** Activity **
Look through the data below and extract, unchanged, the lines from the one that contains "Dofus - The Best Solo Classes" to the one that contains "Kā pozīcija ietekmē", both included.

** Record excerpts **
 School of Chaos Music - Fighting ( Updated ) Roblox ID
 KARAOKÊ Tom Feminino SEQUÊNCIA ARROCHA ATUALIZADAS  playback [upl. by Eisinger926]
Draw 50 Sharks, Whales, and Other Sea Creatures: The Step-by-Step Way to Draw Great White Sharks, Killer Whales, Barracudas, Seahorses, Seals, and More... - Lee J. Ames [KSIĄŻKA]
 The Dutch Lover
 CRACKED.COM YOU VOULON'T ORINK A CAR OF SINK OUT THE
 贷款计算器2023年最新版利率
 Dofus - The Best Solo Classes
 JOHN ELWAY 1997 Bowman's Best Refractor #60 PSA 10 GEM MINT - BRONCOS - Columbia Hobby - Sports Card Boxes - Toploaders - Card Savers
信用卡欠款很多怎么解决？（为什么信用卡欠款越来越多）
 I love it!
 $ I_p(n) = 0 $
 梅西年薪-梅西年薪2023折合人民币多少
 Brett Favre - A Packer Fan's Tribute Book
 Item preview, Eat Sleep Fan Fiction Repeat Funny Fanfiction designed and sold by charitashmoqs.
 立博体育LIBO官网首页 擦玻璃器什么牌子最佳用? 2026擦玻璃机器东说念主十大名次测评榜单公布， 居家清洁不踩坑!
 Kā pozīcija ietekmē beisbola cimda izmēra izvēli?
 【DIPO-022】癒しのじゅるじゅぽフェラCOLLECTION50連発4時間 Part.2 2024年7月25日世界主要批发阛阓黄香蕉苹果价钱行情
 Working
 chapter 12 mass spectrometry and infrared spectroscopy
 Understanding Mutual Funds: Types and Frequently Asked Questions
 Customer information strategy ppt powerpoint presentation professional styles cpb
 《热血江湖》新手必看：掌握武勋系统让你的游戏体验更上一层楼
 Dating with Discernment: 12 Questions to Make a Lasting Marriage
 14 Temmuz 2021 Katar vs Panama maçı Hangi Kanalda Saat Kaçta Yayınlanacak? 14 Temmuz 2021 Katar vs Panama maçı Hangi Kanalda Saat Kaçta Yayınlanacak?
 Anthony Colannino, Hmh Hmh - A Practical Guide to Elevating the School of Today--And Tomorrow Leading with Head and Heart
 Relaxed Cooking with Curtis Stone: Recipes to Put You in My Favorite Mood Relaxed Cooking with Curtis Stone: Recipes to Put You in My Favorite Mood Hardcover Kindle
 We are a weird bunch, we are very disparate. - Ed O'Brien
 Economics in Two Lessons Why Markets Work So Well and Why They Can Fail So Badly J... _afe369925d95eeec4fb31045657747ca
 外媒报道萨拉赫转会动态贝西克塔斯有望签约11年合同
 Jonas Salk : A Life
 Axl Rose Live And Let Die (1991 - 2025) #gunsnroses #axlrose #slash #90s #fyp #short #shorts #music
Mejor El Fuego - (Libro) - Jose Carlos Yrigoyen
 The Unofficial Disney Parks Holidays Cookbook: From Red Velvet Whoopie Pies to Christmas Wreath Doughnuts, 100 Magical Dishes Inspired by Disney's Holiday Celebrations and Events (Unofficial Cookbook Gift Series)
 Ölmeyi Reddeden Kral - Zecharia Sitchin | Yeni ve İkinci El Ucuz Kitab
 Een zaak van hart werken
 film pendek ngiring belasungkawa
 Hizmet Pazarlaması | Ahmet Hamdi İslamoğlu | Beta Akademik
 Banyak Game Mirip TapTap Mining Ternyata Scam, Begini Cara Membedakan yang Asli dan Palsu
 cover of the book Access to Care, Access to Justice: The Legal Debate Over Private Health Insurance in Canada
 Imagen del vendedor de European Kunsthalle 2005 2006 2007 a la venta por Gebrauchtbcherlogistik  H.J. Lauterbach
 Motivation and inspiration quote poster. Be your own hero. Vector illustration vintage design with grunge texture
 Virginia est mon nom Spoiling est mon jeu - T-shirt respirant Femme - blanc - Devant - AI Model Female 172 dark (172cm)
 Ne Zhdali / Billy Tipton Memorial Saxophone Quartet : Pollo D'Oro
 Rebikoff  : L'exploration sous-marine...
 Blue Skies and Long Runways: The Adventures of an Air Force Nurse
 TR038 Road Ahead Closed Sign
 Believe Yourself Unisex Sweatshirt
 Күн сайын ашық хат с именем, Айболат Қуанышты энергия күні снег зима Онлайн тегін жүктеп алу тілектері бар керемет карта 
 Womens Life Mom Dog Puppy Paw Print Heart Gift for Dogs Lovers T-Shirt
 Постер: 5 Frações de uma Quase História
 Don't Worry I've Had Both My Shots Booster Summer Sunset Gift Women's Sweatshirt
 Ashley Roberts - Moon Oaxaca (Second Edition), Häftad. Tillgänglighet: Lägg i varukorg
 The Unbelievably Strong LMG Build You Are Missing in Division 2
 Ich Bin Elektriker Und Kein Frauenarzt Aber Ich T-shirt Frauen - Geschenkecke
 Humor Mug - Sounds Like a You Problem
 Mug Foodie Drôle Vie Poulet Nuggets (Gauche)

** Output of the task **
 Dofus - The Best Solo Classes
 JOHN ELWAY 1997 Bowman's Best Refractor #60 PSA 10 GEM MINT - BRONCOS - Columbia Hobby - Sports Card Boxes - Toploaders - Card Savers
信用卡欠款很多怎么解决？（为什么信用卡欠款越来越多）
 I love it!
 $ I_p(n) = 0 $
 梅西年薪-梅西年薪2023折合人民币多少
 Brett Favre - A Packer Fan's Tribute Book
 Item preview, Eat Sleep Fan Fiction Repeat Funny Fanfiction designed and sold by charitashmoqs.
 立博体育LIBO官网首页 擦玻璃器什么牌子最佳用? 2026擦玻璃机器东说念主十大名次测评榜单公布， 居家清洁不踩坑!
 Kā pozīcija ietekmē beisbola cimda izmēra izvēli?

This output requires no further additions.